[YOUR TASK] Although the records contain pictures, none belong in the copy: restate word for word only the lines from the one with "Funda Magnética twosheep" through the one with "Load image into", both included.

[SUPPLIED RECORDS]
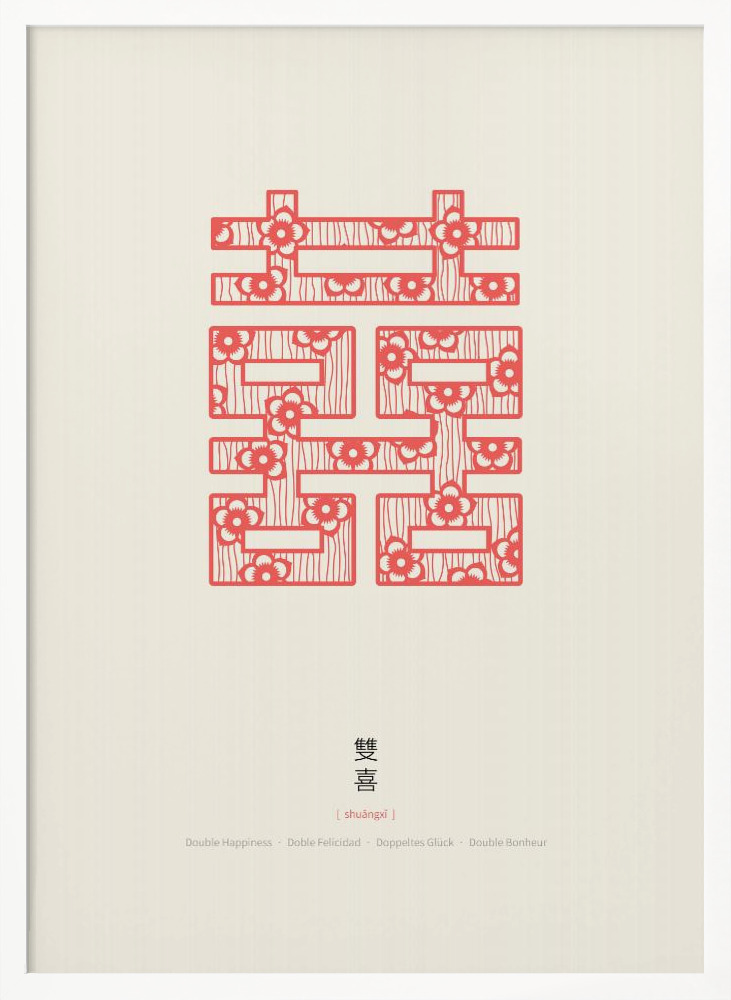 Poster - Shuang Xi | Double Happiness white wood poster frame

---

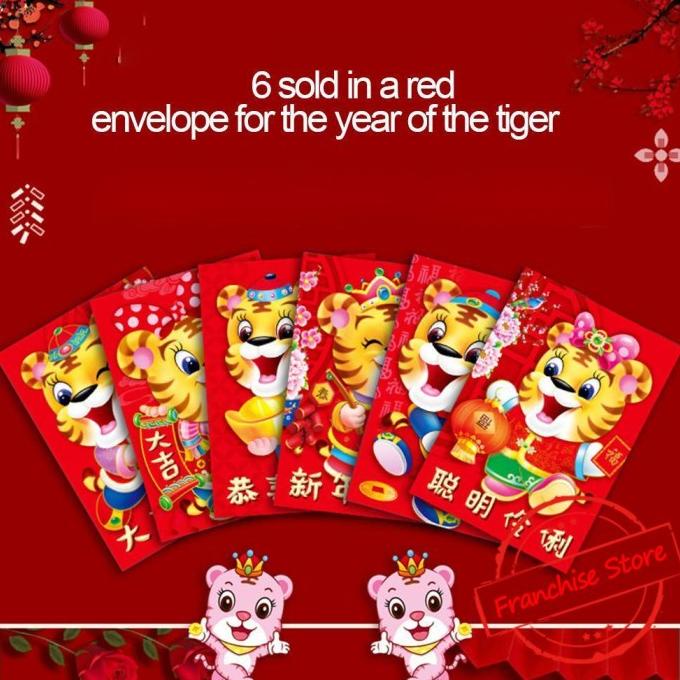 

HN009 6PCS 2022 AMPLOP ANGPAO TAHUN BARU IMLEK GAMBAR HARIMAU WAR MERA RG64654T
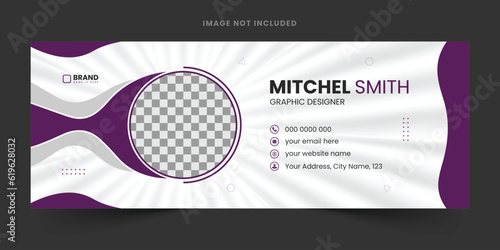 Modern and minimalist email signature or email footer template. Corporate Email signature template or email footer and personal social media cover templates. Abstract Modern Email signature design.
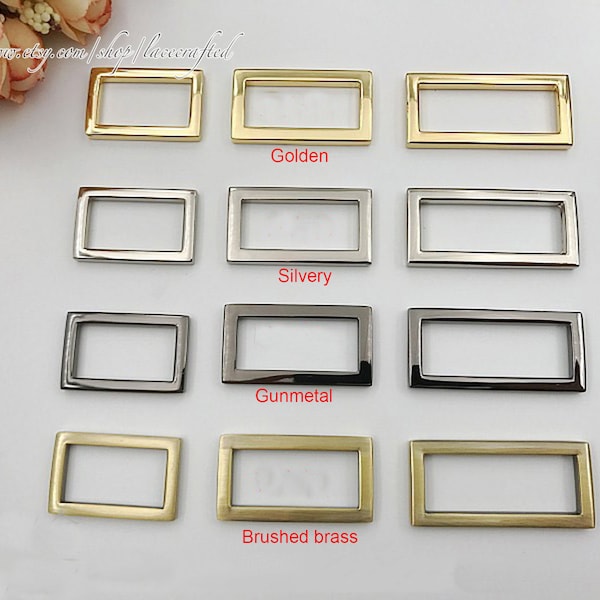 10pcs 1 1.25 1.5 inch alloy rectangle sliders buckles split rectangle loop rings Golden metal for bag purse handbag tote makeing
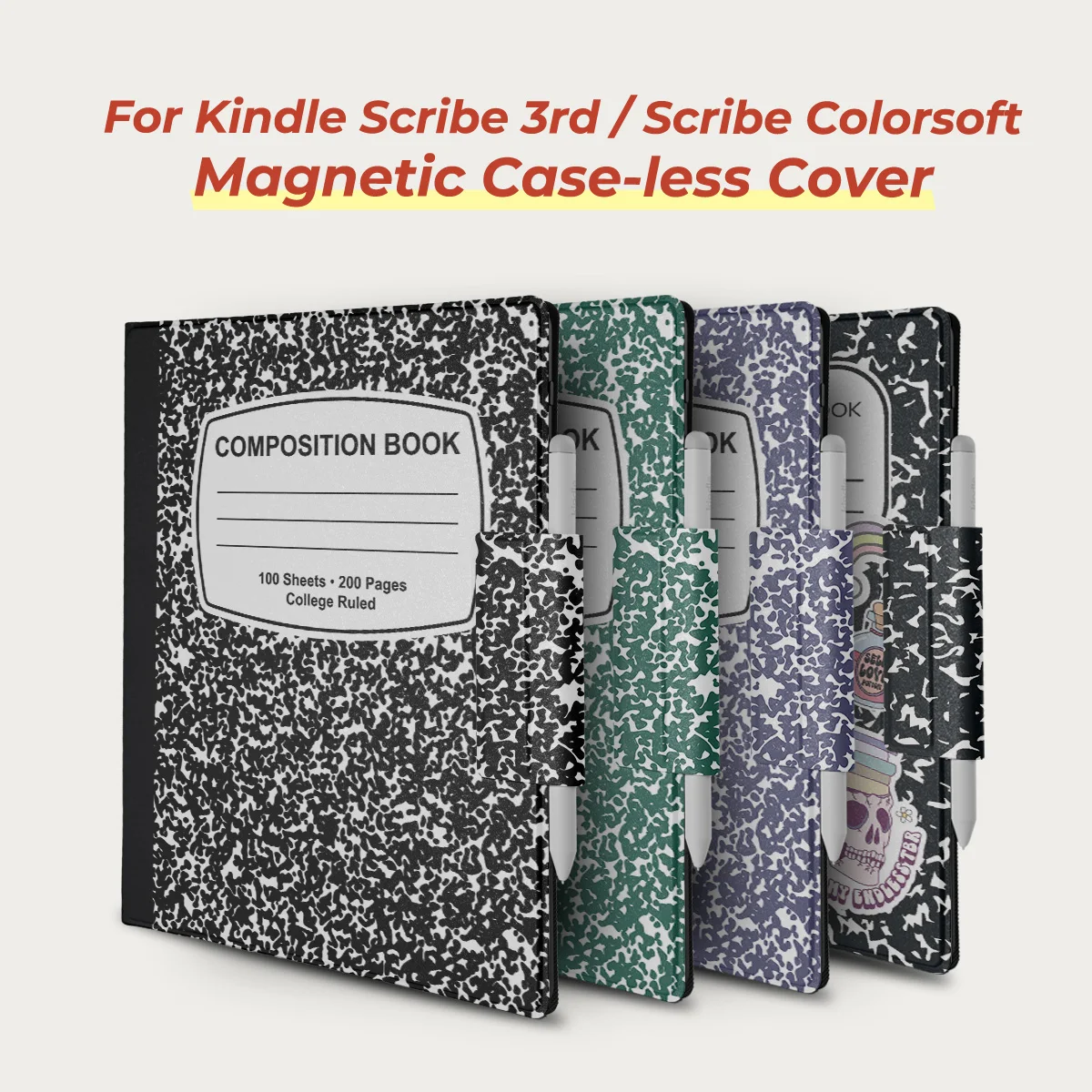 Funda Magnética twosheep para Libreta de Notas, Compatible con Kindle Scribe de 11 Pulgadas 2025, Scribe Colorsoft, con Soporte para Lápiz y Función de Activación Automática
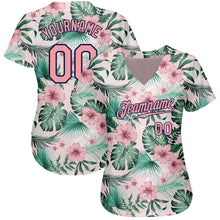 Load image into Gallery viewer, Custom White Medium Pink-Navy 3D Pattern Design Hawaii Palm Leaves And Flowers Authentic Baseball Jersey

* * *

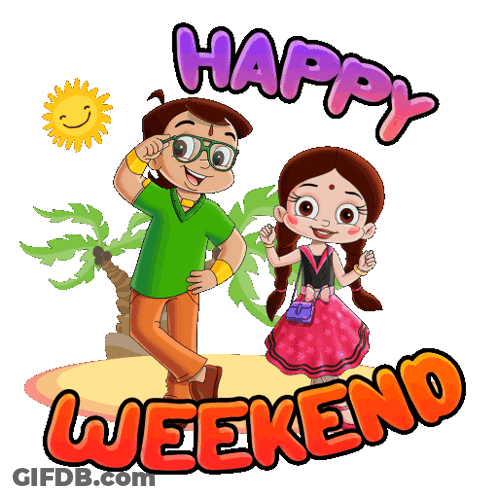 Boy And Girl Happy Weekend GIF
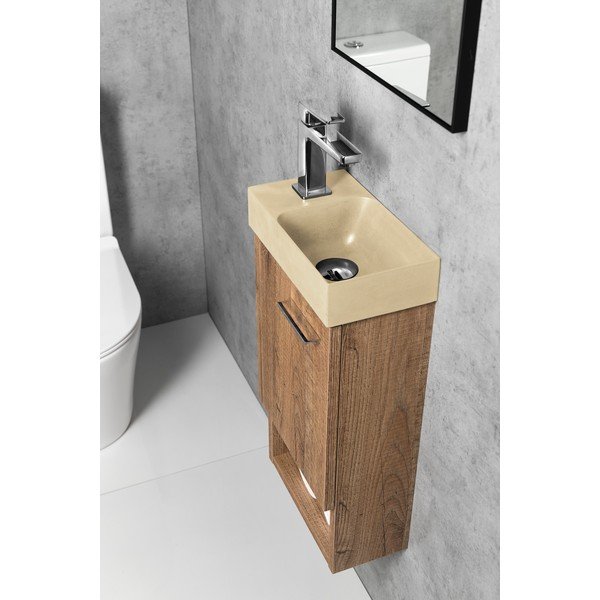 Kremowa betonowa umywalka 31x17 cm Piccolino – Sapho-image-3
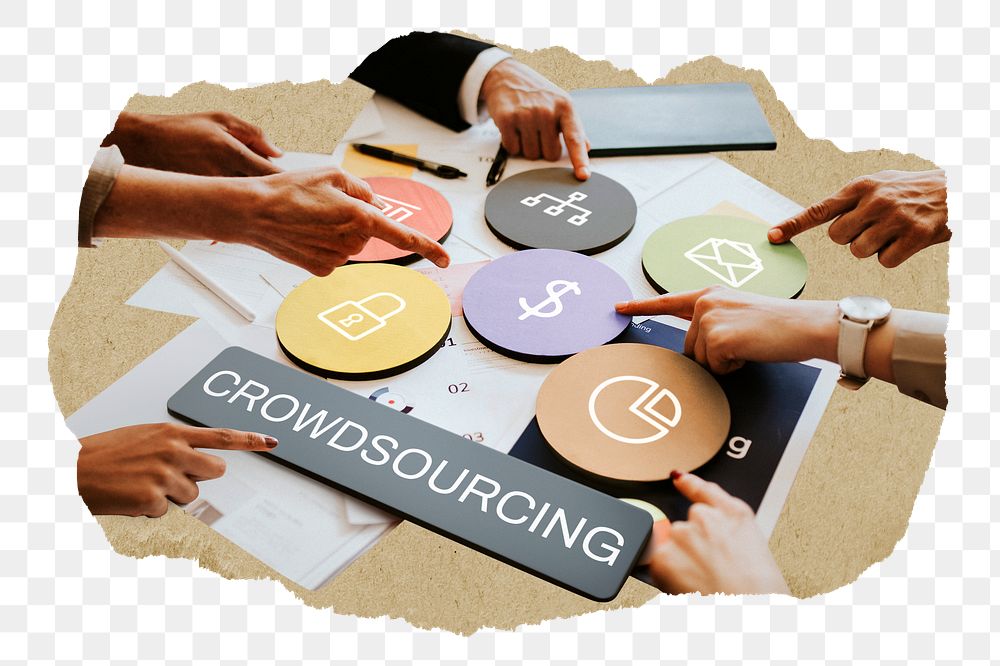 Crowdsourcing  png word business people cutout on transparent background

[REPLY TO THE EXERCISE]
 Funda Magnética twosheep para Libreta de Notas, Compatible con Kindle Scribe de 11 Pulgadas 2025, Scribe Colorsoft, con Soporte para Lápiz y Función de Activación Automática
 Load image into Gallery viewer, Custom White Medium Pink-Navy 3D Pattern Design Hawaii Palm Leaves And Flowers Authentic Baseball Jersey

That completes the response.